WHAT YOU ARE ASKED TO DO> Please output the data below exactly as given, starting at its first line and stopping after the line that contains "JiLL-Decoy 8 ~Golden Ratio~".

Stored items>
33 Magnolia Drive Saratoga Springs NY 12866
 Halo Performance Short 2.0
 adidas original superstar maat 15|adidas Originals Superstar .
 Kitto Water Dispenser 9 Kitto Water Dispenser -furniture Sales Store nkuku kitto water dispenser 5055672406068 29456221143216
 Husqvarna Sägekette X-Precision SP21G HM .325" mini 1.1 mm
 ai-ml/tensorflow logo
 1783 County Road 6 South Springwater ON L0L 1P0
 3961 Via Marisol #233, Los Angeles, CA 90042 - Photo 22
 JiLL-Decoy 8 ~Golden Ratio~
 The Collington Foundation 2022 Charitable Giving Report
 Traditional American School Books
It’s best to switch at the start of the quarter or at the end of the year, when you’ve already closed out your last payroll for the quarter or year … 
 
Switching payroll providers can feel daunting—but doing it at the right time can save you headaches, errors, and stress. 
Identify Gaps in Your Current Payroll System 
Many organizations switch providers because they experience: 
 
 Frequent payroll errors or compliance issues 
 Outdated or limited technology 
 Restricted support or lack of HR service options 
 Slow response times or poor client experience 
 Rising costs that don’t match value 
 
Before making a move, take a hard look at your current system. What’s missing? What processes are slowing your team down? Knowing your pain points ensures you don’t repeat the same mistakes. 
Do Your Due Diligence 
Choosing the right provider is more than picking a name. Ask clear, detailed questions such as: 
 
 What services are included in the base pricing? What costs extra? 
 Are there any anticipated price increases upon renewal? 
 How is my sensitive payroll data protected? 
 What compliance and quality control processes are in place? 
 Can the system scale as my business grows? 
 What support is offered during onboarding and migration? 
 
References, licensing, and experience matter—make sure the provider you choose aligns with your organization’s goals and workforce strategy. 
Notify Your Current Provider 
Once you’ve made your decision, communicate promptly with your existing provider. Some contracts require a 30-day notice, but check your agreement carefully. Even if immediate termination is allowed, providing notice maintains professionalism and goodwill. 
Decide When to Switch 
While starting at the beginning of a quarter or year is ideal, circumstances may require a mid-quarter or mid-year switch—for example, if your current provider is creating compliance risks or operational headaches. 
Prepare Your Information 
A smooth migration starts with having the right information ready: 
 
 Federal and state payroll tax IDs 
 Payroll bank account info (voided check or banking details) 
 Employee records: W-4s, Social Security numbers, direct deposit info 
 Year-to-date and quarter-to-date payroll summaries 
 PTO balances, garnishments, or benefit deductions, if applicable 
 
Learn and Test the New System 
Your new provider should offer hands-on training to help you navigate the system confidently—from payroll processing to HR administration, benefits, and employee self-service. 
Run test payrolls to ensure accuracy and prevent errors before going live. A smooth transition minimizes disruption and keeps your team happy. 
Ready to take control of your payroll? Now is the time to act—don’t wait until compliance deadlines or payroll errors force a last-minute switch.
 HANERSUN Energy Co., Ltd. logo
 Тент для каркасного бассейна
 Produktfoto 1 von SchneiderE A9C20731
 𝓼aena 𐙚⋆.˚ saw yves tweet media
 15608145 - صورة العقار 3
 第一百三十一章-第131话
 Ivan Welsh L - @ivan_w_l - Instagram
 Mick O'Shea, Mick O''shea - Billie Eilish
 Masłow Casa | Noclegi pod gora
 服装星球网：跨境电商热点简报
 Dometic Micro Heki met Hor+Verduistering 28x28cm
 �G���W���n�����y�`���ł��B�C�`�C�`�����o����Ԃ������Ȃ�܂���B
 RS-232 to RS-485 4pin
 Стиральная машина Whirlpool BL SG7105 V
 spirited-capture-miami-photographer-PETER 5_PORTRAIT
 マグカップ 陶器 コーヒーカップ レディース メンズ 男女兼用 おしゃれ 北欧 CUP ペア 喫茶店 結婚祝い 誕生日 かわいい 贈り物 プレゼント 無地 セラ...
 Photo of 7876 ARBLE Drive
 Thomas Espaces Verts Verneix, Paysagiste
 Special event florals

ANSWER AREA>
33 Magnolia Drive Saratoga Springs NY 12866
 Halo Performance Short 2.0
 adidas original superstar maat 15|adidas Originals Superstar .
 Kitto Water Dispenser 9 Kitto Water Dispenser -furniture Sales Store nkuku kitto water dispenser 5055672406068 29456221143216
 Husqvarna Sägekette X-Precision SP21G HM .325" mini 1.1 mm
 ai-ml/tensorflow logo
 1783 County Road 6 South Springwater ON L0L 1P0
 3961 Via Marisol #233, Los Angeles, CA 90042 - Photo 22
 JiLL-Decoy 8 ~Golden Ratio~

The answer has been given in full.